On the one hand this is a shocking act of violence upon minors. On the other hand, these two goofs probably deserve it.


If I'm understanding this slang correctly, Knocker's going to kill two British girls with one rock? Taking a dark turn here, comic!


Are we about to see Patchman, the Marsh Master turn into Kenshiro, the Fist Of The North Star? (Note that first panel - Knocker was right, Patchman DID have them gather nuts for his squirrels)


I guess not knowing what common institutions like "zoos" are would be a prerequisite for hermit life, yes.


He's like "Dr. Doolittle," except he's ignorant, barefoot, and covered in slime and leeches. In other words, EXACTLY like the Rex Harrison version of "Dr. Doolittle."


I think this is the part where Patchman realizes how awesome big cat zoos are, starts his own big cat zoo, and winds up getting 22 years in prison on 17 federal charges of animal abuse and two counts of attempted murder?


Tharka! Maweepa! Skree! Oookka! This is how the Marsh Master says "Marsh Avengers Assemble!!!" Get ready for that Patchman Cinematic Universe.


ONE PERFECT SHOT:
DAY OF THE ANIMALS (1977)
Cinematography by Robert Sorrentino
Directed by William Girtler


Don't laugh! When these animals finally achieve their goals, we'll ALL be living in human zoos.


Really? Two guys ignore every safety warning and jump over a barbed wire fence into the lion enclosure? I don't think they have a legal leg to stand on. Or soon a regular leg. either.


Now is NOT the time for your Iggy Pop impersonation, Patchy


You whelps have seen how puny man can be beside the creatures of the wild, especially when a vindictive marsh hermit unleashes armies of them upon anyone who gets on his wrong side! So be warned. Don't piss him off!

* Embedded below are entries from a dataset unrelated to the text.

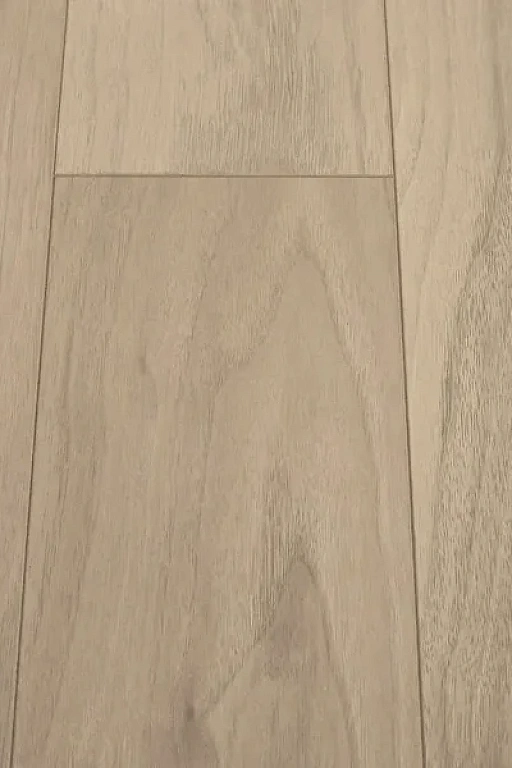 Ламинат Floor Fort Орех Говард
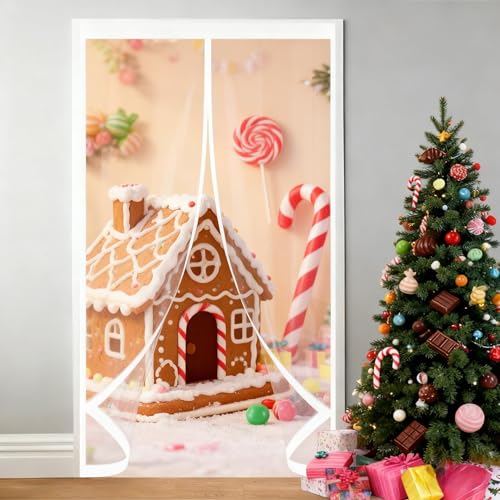 }Olbggŕ܂ Ԏd؂J[e 140 x 160 cm gᒠJ[eÉ}WbNvtȒPtplfMhhՌȓd΍ՌhÂOgԎd؃WNvȒP悯Kp֐Qx_L`ɏ, A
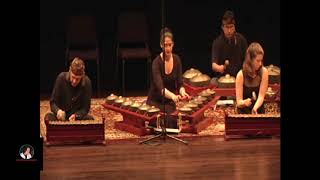 Download lagu Degung Klasik' Lagu Pajajaran' University of Washington, Seattle, USA. mp3 Download lagu Degung Klasik' Lagu Pajajaran' University of Washington, Seattle, USA. mp3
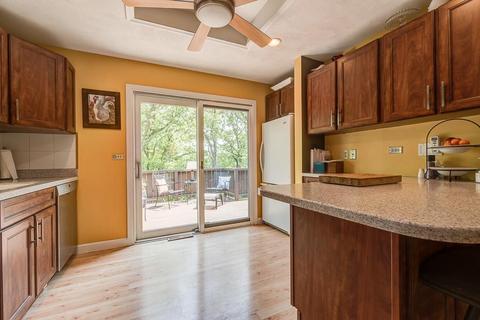 232 Vancouver Ave, Warwick, RI 02886 photo 20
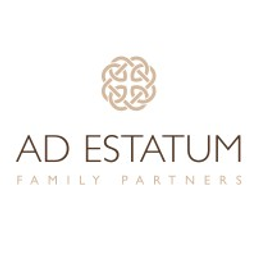 Ad Estatum Family Partners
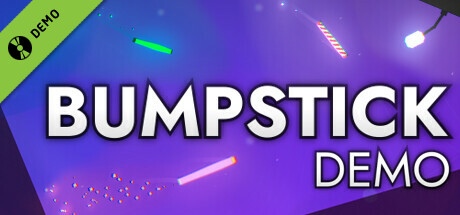 Bumpstick Demo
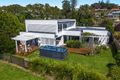 Property photo of 29 Castle Drive Lennox Head NSW 2478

And here we take our leave of the Master Of The Marsh and his new Nature Study Prize Winner chum Knocker. If YOUR school doesn't have a bare-chested hermit squatting in the retention pond or lurking in a nearby vacant lot, harassing all who dare to scoff at the chipmunks and the dandelions, contact your local school board and find out why. Demand your Marsh Master!